Qualquer pessoa daquela cidade – homem ou mulher – despeitada pela conduta da mulher poderia lhe responder com crueldade: “Não precisa ser um profeta, ou o Cristo, para dizer tudo o que você faz: ‘ cada dia está com outro, troca de homem como se troca de roupa’”.


Mas ela falou com tanta convicção e sinceridade que procuraram ver e conhecer


Quem é esse homem?”


Saíram da cidade e foram ao encontro dele.


Enquanto isso, os discípulos insistiam com Jesus? “Rabi, come!”. Ele, porém, lhes disse: “Eu tenho um alimento para comer que vós não conheceis”. Os discípulos disseram entre si: “Será que alguém lhe trouxe algo para comer?” Jesus lhes disse: “O meu alimento é fazer a vontade daquele que me enviou e levar a termo sua obra. Não dizeis vós: ‘Ainda quatro meses, e aí vem a colheita!’? Pois eu vos digo: levantai os olhos e vede os campos, como estão brancos, prontos para a colheita! Aquele que colhe já recebe o salário, e ajunta fruto para a vida eterna. Assim, o que semeia alegra-se junto com o que colher. Nisso está cero o provérbio: ‘Um é o que semeia, outro o que colhe’. Eu vos enviei a colher o que não é fruto de vossa fadiga; outros se afadigaram, e vos entrastes no fruto da sua fadiga”.


Muitos samaritanos daquela cidade creram em Jesus por causa da palavra da mulher que testemunhava: “Ele me disse tudo o que eu fiz”.

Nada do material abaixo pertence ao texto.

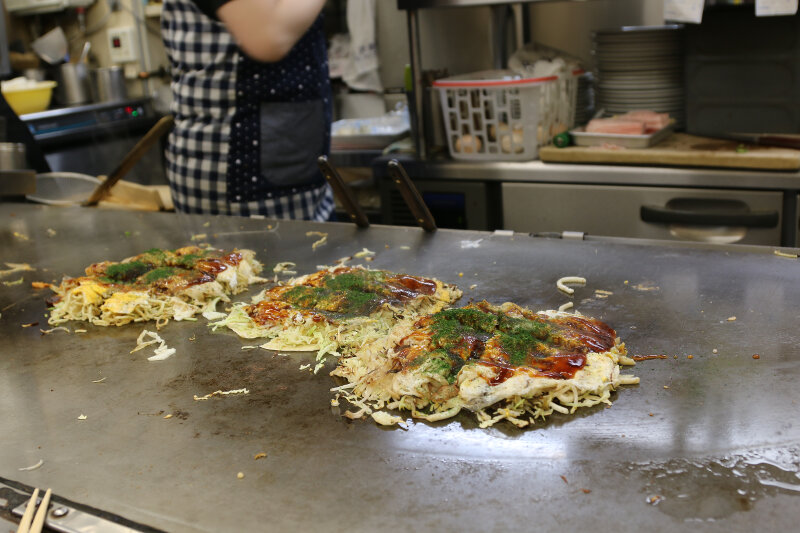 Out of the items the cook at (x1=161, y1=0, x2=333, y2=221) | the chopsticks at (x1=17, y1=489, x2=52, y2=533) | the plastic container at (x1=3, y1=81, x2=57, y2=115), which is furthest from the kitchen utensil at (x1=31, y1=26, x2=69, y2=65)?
the chopsticks at (x1=17, y1=489, x2=52, y2=533)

Os samaritanos foram a ele e pediram que permanecesse com eles; e ele permaneceu lá dois dias. E ainda muitos outros creram por causa da palavra dele, e diziam à mulher: “Já não é por causa da tua fala que cremos, pois nós mesmos ouvimos e sabemos que este é verdadeiramente o Salvador do mundo”.


Transcorridos dois dias, Jesus foi para a Galileia.


(Os diálogos e o final são citações da Bíblia Sagrada, Tradução oficial da CNBB – Edições CNBB, 1ª Edição 2018)


frei basílio de resende ofm, montes claros, mg.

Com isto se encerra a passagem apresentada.